Larry Hall profile picture
Very informative, had not heard of AROC until a comment on another article today. Thanks.
firemanbob0854 profile picture
@Larry Hall this is one of a group of companies that we follow. if you would like to have your horizons expanded look into Darp Research blogs here on SA. A very good group of savy investors to follow and debate with.
LostinShalimar profile picture
@Larry Hall Seriously? Cash Flow Kingdom has been bullish on AROC for years now.
Larry Hall profile picture
@LostinShalimar Have not delved into CFK's work on AROC..
metal27 profile picture
Utilization percentage was touched on briefly but should be emphasized as a key indicator of performance. AROC and USAC are really asset leasing companies more than oilfield service companies; the higher their asset utilization percentage, the higher their income. Both companies saw lower utilization percentage in 2020, I believe both wrote off material amounts of old equipment and both should see utilization rebounds in 2021.
Laura Starks profile picture
@metal27 Thx for emphasizing utilization. Yes, lots of asset writedowns in the energy sector in 2020.
bvrdublin profile picture
Nice piece. You got a new follower!
metal27 profile picture
AROC and USAC are in effect a duopoly, both pay very nice dividends and their customers need them regardless of prices, yet they trade with oil prices due to the ETF passive investing effect. Buy them when oil prices take a dip.
@metal27 I own both USAC and AROC - couple of years with USAC and AROC since Fall of last year. Been dripping both, and USAC has become one of my largest income-producing positions.

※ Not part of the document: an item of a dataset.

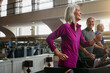 © ReadyAtTheEase/peopleimages.com - Exercise, treadmill and senior people running in gym for workout, physical health and wellness in retirement. Group, jogging or training together for cardio, walking and fitness or endurance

Agree but what is surprising is how frequently they don’t move in tandem. Often see one up and the other down, or one up
/down significantly and the other only a bit.

Happy with my results - see this as buying the proverbial ‘picks, shovels and dungarees’ for miners, an essential part of the natural gas infrastructure that isn’t going anywhere.

Long both.
krc112 profile picture
13 Apr. 2021
@metal27 AROC/USAC have little to no cash and short term investments $1M/$0. Is that any reason for concern?
Laura Starks profile picture
@krc112 Clearly the company has cash. Also, per the 10-K, the company has a $393 MM credit line.
darnoc111 profile picture
Like most of the companies in the energy sector they have not performed very well. Since most investors look for income in this sector my question would be is, when will AROC be able to restart their dividend growth. Without a growing dividend, and perceived inflation growing the stock will continue to wallow and even possibly fall slowly in price. I sold out in 2018 and have watched as many have recommended this stock only for it to not do much of anything. Thanks for your help.
@darnoc111 At 6% dividend, why worry about inflation? Hard to get that dividend. Love dividend growth investors. Get 2% dividends and thrilled with fractional increases.
Laura Starks profile picture
@darnoc111 2020 was truly a wallop for OFS (oilfield services) companies Issues were showing up in 2019 as investors wanted more cash back (instead of acreage/production investments by producers) and especially as gas companies experienced a warm winter and even more oversupply.
CincinnatiRick profile picture
@darnoc111 "Sin" stocks have always been available at a substantial discount...and these days anything related to carbon-based energy is in the cross hairs (pun intended) of our modern puritans. My guess is that the carbon energy curve will more resemble that of the tobacco stocks than the private prison industry simply because of differentials in the relative capacity of government to control the market. So I'm long Archrock with a mid 8 handle and been happy to collect the nice dividend and sell covered calls...rinsing and repeating several times now. Currently have May calls out with a $10 strike. We'll see what happens but it's a profit whatever way the cookie crumbles.
Greg_Maryland profile picture
Nice note, I'm long.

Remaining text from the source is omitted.